Através de d.Paulo, movimento contra a carestia, reprimido pela polícia, faz assembleioa na catedral da Sé em 78.
Através de d.Paulo, movimento contra a carestia, reprimido pela polícia, faz assembleioa na catedral da Sé em 78.



O movimento do custo de vida, que no fim dos setenta ficou conhecido como Movimento Contra a Carestia teve seu embrião nas paróquias das zonas sul e leste da cidade de São Paulo. 

Por volta de 1973, donas de casa e militantes sociais, que participavam dos clubes de mães, organizavam encontros para lutar pela diminuição dos preços dos alimentos de primeira necessidade, como leite, arroz e feijão.

A ex-vereadora e deputada estadual Ana Martins atuou no movimento como coordenadora dos encontros. Na opinião dela, o apoio institucional da igreja católica foi decisivo para o movimento crescer, o que só foi possível pelo compromisso de D. Paulo com a luta popular assim como de outros religiosos como Dom Angélico.

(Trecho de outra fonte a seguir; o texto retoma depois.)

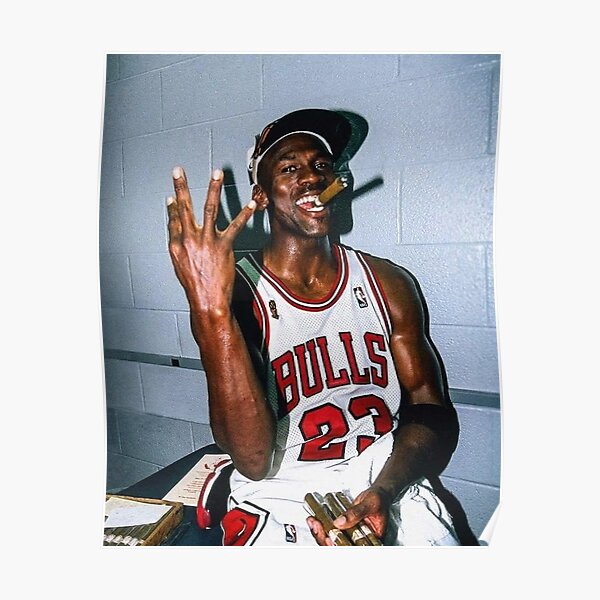 Micheal Jordan Poster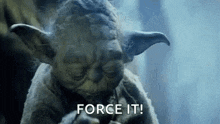 Yoda The Force GIF - Yoda The Force Star Wars GIFs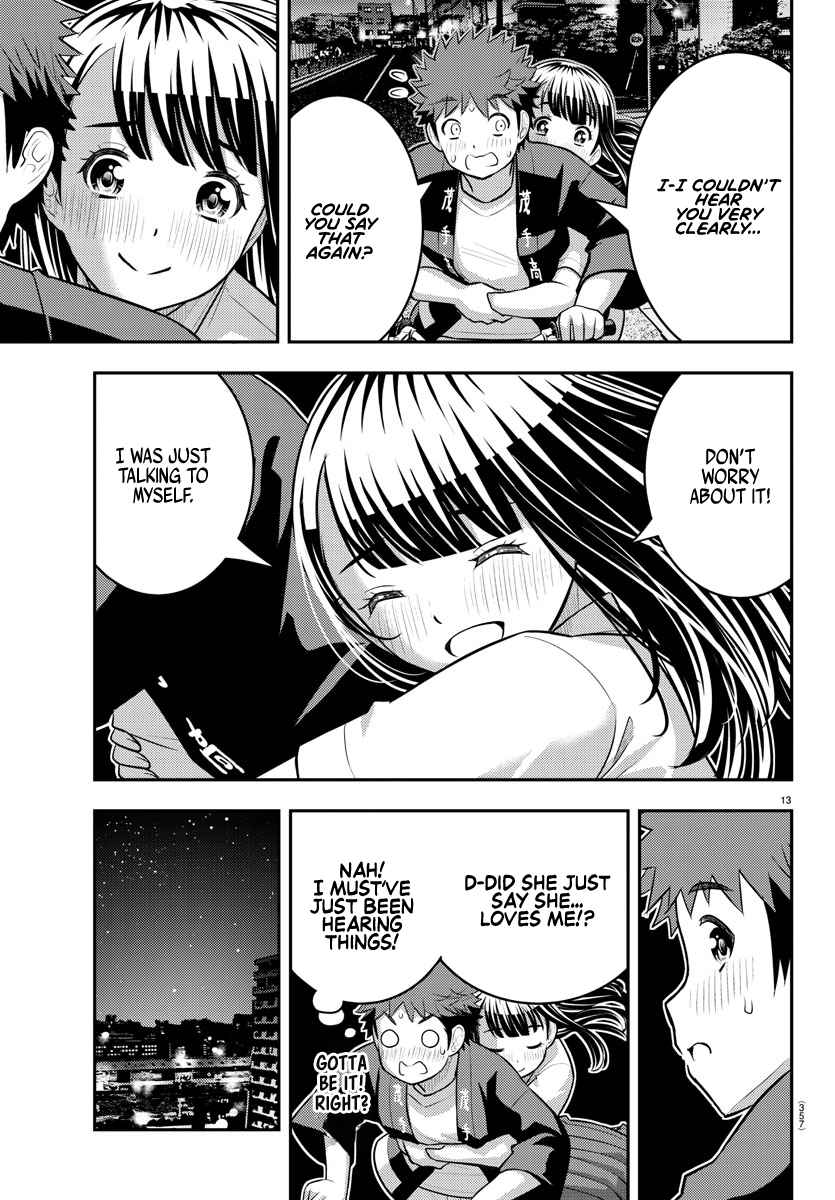Yankee Jk Kuzuhana-Chan Chapter 170 page 13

D. Paulo Evaristo foi uma personalidade marcante na luta contra a ditadura militar no Brasil. Homem de ação, questionava os órgãos acerca dos desaparecidos políticos no Brasil e atuava ao lado dos movimentos populares da periferia paulistana.

Compromisso social


Atualmente integrante da União Brasileira de Mulheres (UBM), Ana afirmou que a postura do arcebispo colocou a igreja como instituição a serviço do povo. “A luta do movimento popular quando não tem umas pontas institucionais ela não se sustenta”, explicou.

Ela lembrou que D. Paulo era criticado pelo setor conservador da igreja, o que não o impediu de exercer o compromisso com a luta por justiça social. “Quando lideranças de bairro começaram a ser presas o movimento recorria a d. Paulo e ele ia no exército, ia no Dops, pessoalmente”, recordou Ana.

Carisma 

Nos primeiros anos havia cerca de 400 clubes de mães atuando no movimento do custo de vida na periferia de São Paulo. A cada seis meses eram organizados seminários de formação e em algumas delas D. Paulo estava presente.

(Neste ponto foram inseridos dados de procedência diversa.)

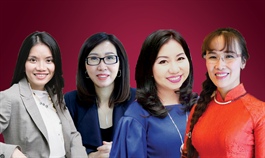 Four entrepreneurs among Forbes Vietnam’s most inspirational women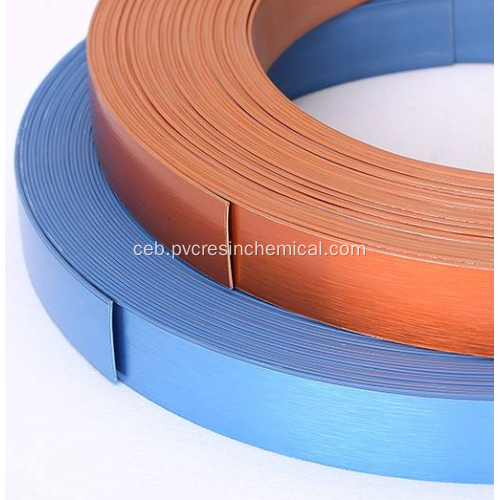 Ang PVC Edge Banding Pink Orange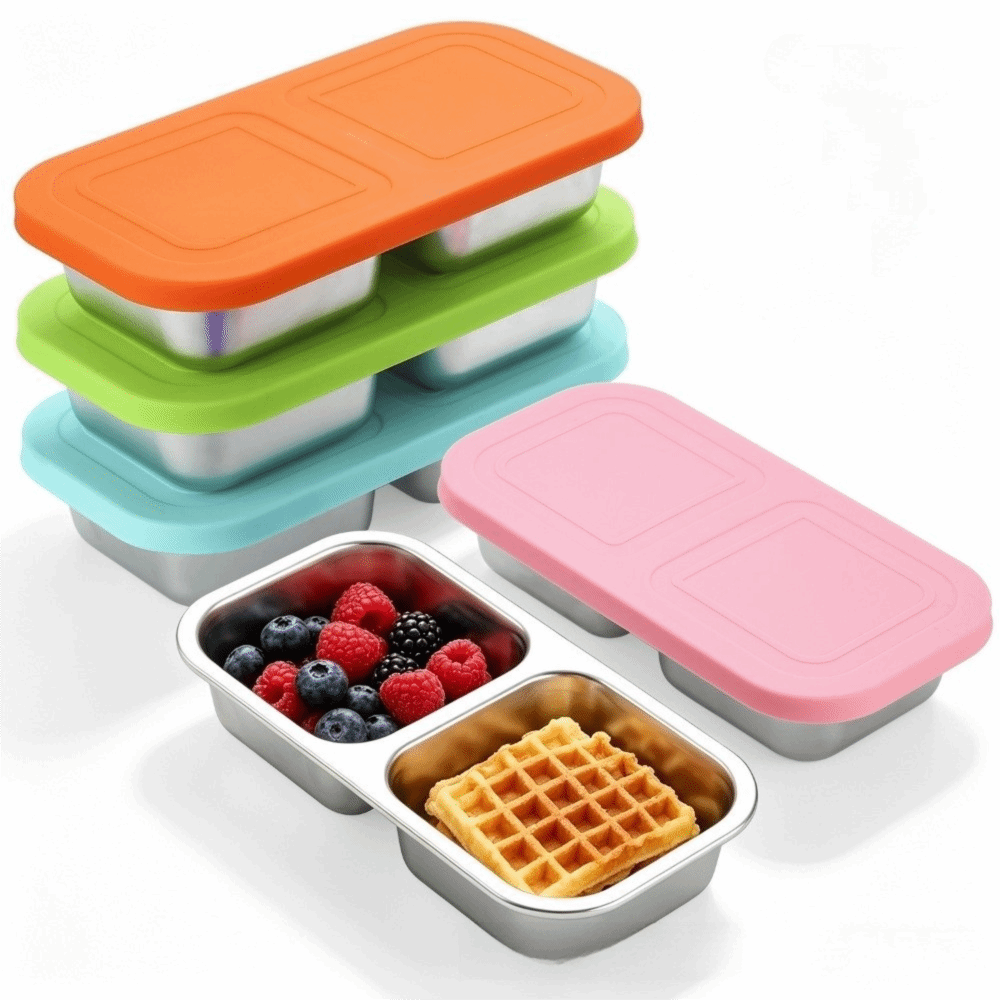 Contenedores Portátiles para S - Food Prep Snacks reseña y precio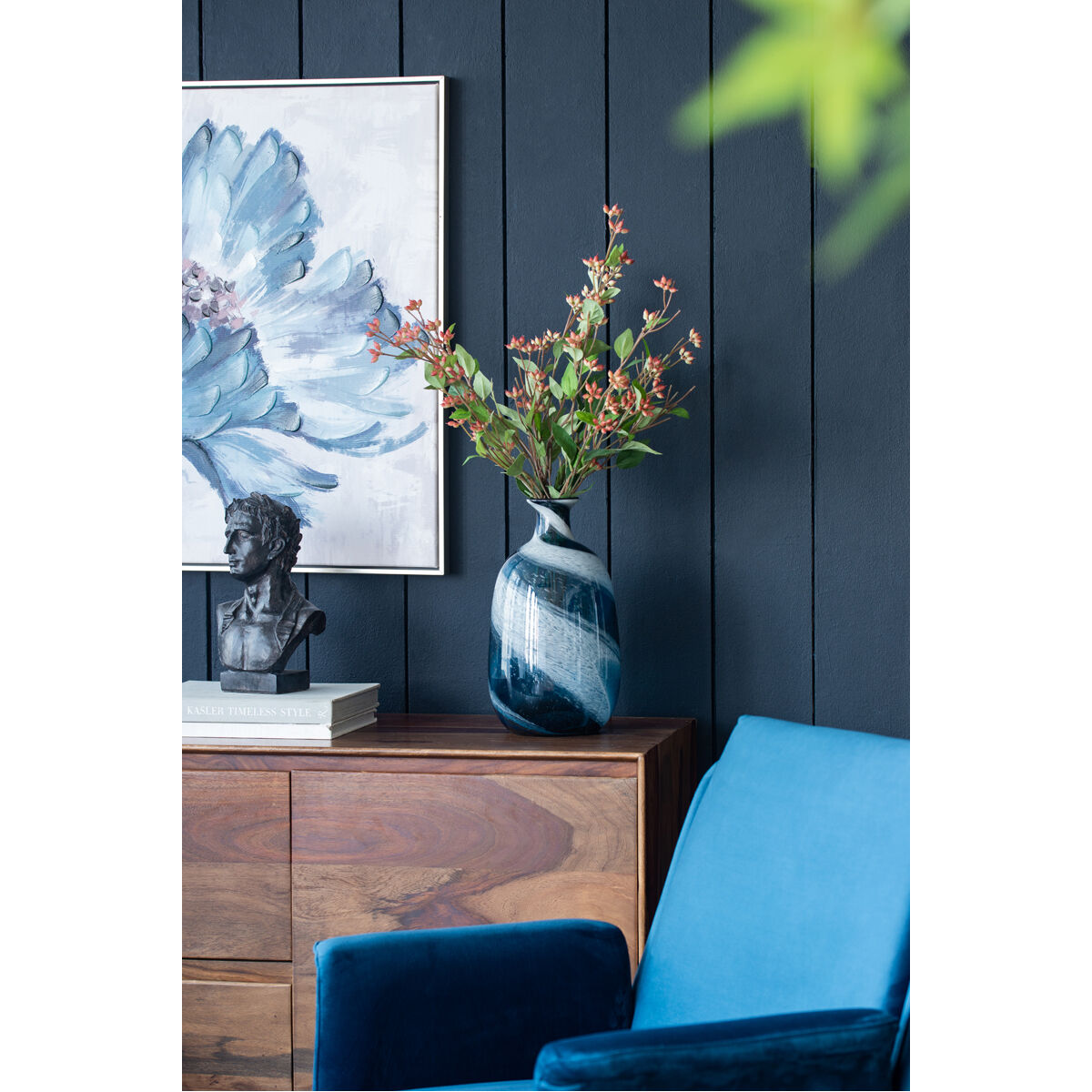 Mayron 13.4 X 7.5 inch Vase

“D. Paulo passava, sempre dava uma palavra. Não tinha missa. Ele dava uma palavra e sempre entusiasmava”. Os encontros reuniam em média 300 pessoas debatendo as condições de vida da periferia e formas de melhorar essas condições.

Consciência política

Ana contou que antes da nomeação de D.Paulo como arcebispo as lutas populares não ecoavam na igreja católica em São Paulo. 

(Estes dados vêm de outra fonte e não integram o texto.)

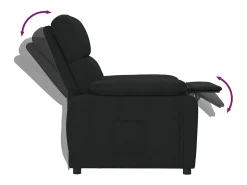 Poltrona Reclinável | Poltrona Confortável Relax tecido SHL110571^ Poltrona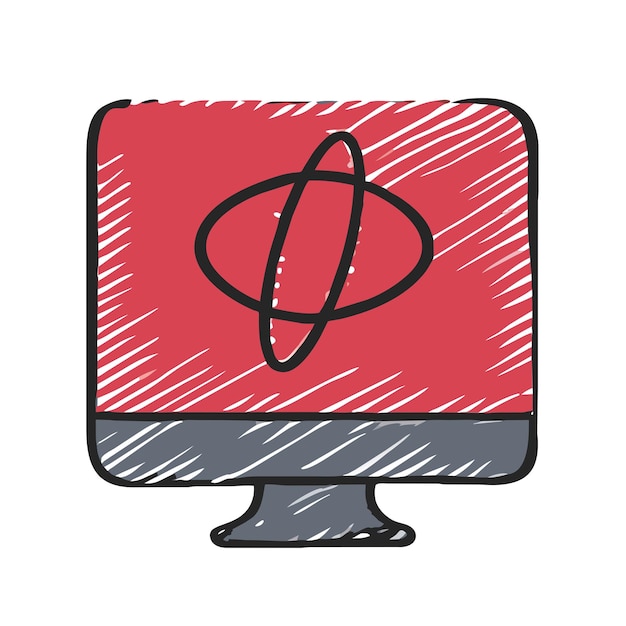 quantum computer programming vector graphics illustration eps source file format lossless scaling ic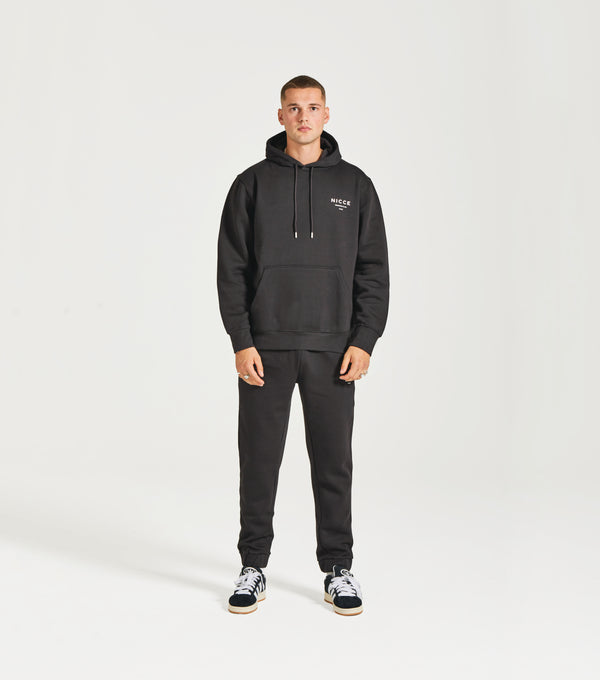 nicce NICCE Mens OG-13 Hoodie & Jogger Tracksuit Set Black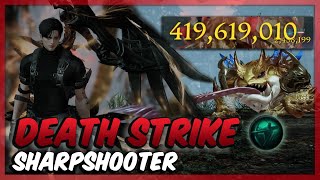 LOST ARK  Sharpshooter 1630 Death Strike  Gargadeth [upl. by Hakeem]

“Ele fomentou a criação das comunidades de base, além de discutirem os princípios religiosos, o evangelho, discutia também as condições de vida o que possibilitou um engajamento”. 


A violenta repressão em 78 ao ato na praça da Sé, em São Paulo, organizado pelo movimento contra a carestia ganhou visibilidade na imprensa. Na ocasião, os participantes tentaram se proteger da polícia na catedral onde foi realizada a assembleia, com a anuência de D. Paulo.  

Neide Abati esteve no dia do ato com o marido e os dois filhos pequenos. Ela, que é irmã de Ana Martins, também foi coordenadora de um dos clubes de mães na zona sul. Segundo Neide, D. Paulo era um “refúgio” para os participantes do movimento contra a carestia.

“Estava sempre do nosso lado. Acionava os padres, amigos, advogados. Se os direitos humanos não eram respeitados ele denunciava, avisava os padres com informações, ajudava a achar corpos e aqueles que estavam presos”, lembrou Neide.

Igreja do povo

Para ela a atuação dos padres naquele período era muito avançada. “Avalio como uma igreja da teologia da libertação autêntica e que abria o espaço para toda a visão socialista. Essa visão cristã autêntica não discriminava, era um trabalho avançado que hoje isso andou pra trás”, analisou.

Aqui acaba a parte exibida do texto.